Le Père Roger-Thomas Calmel 1914-1975 (2)

A l’occasion des 50 ans de la mort du Père Calmel, FSSPX.Actualités propose un article publié en 2013 dans le Courrier de Rome : « Un fils de saint Dominique au XXe siècle. Il fut un sage. »
II. Le sage discerne la vérité (ou discerner la vérité)
Purifiée par la contemplation reçue dans la prière et dans l’étude, l’intelligence du sage possède une clairvoyance peu commune. Il en fut bien ainsi du Père Calmel. Celui-ci, se retournant sur les combats de sa vie, avouait en 1974 : « Si je ne me suis pas enkysté à 14 ans, à 28 ans, à 49 ans, (et à 40 ans) c’est parce que devant Dieu j’ai préféré la lumière » (p. 319).
Son biographe explique qu’il s’agit de toutes les étapes où, au petit séminaire, puis devant les prémices de la décadence de son Ordre et les premières sanctions qui mirent momentanément fin à son apostolat si fructueux auprès des Dominicaines enseignantes du Saint Nom de Jésus, dans la tempête moderniste enfin, « il avait su faire silence sur ses propres sentiments, prendre le parti de la lumière, se tenir face à Dieu et recevoir de lui de savoir défendre ses droits et sa vérité dans la paix et la bonté ».
Aussi toute son œuvre baigne-t-elle dans cette lumière qui clarifie les événements en en indiquant les causes, qui éclaire les théories et opinions du jour en remontant aux principes, qui établit un ordre parmi les créatures et leur assigne leur juste fin, qui perçoit une hiérarchie dans les sociétés, qui, en définitive, voit les êtres et les choses avec les yeux mêmes de Dieu.

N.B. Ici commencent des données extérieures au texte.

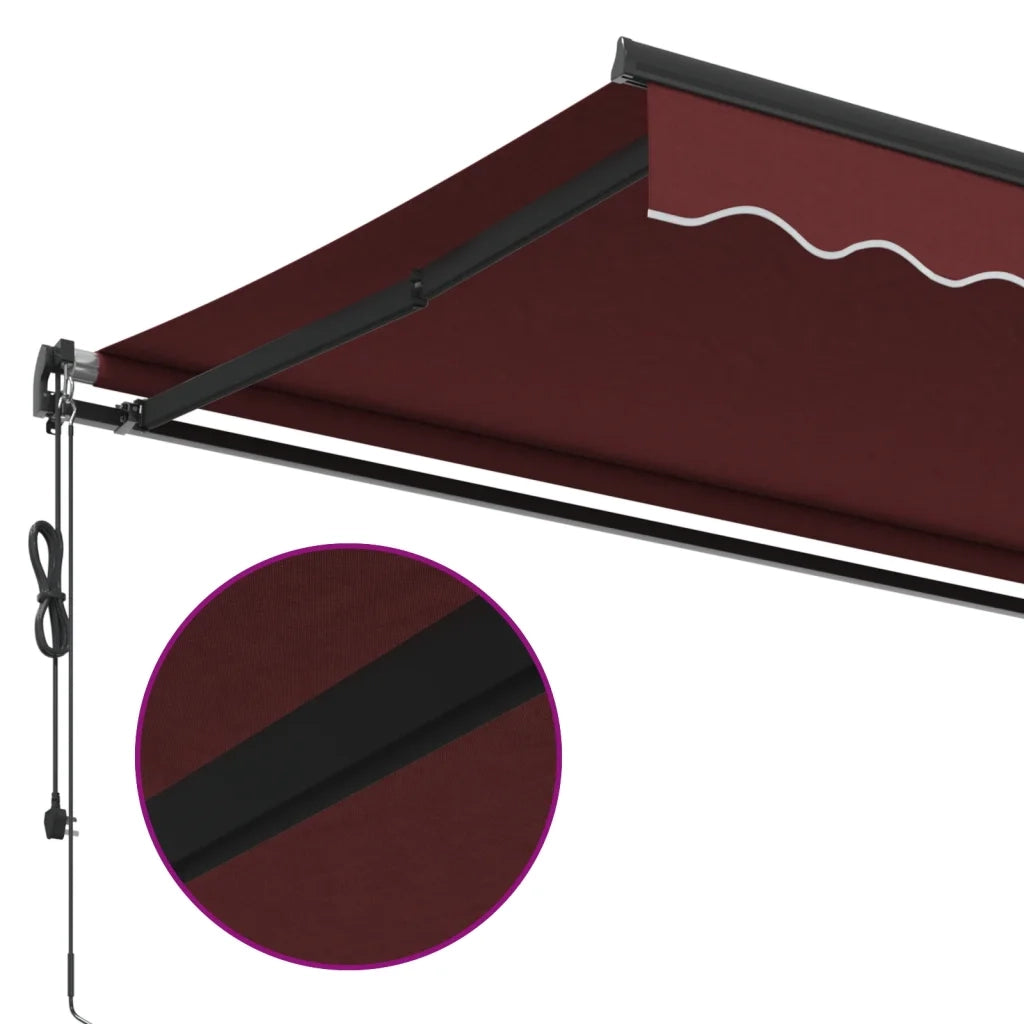 vidaXL Tenda da Sole Retrattile Automatica Bordò 400x350 cm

C’est d’ailleurs la louange que lui décerna Monseigneur Lefebvre lorsqu’il préfaça la Théologie de l’Histoire parue en 1984 : « Dans tous ses ouvrages le Père Calmel s’est efforcé, à l’image de son Maître, l’Ange de l’Ecole, saint Thomas d’Aquin, de rechercher les causes profondes, les raisons ultimes, altissimas causas, d’où l’intérêt extraordinaire et définitif de ses travaux… On ne peut s’empêcher en le lisant de constater l’action des dons du Saint-Esprit, de sagesse, d’intelligence qui lui font tout juger in rationibus æternis, selon les principes éternels, les principes divins, qui éclairent d’une lumière singulière les sujets qu’il traite en homme de Dieu, en prêtre, en théologien » (p. 366-367).
1. Une analyse pénétrante du passé
C’est ainsi que, se penchant sur le passé, il discernait l’influence qu’avaient exercé, sur le cours des événements, l’héroïsme des uns, la lâcheté ou la perversion des autres D’un côté, il n’hésita pas à attribuer sa propre vocation dominicaine au « martyre de quelque dominicain espagnol inconnu, martyr des rouges de l’été 36 »(p. 206).
Et, inversement, il distinguait avec lucidité les étapes progressives de l’infiltration moderniste dans l’Eglise, avec les responsabilités des uns et des autres, depuis l’opposition libérale au Syllabus jusqu’à l’enseignement hétérodoxe de théologiens comme les Pères Congar et Chenu bien souvent couverts par leurs supérieurs, en passant par la sévère condamnation de l’Action Française en 1927.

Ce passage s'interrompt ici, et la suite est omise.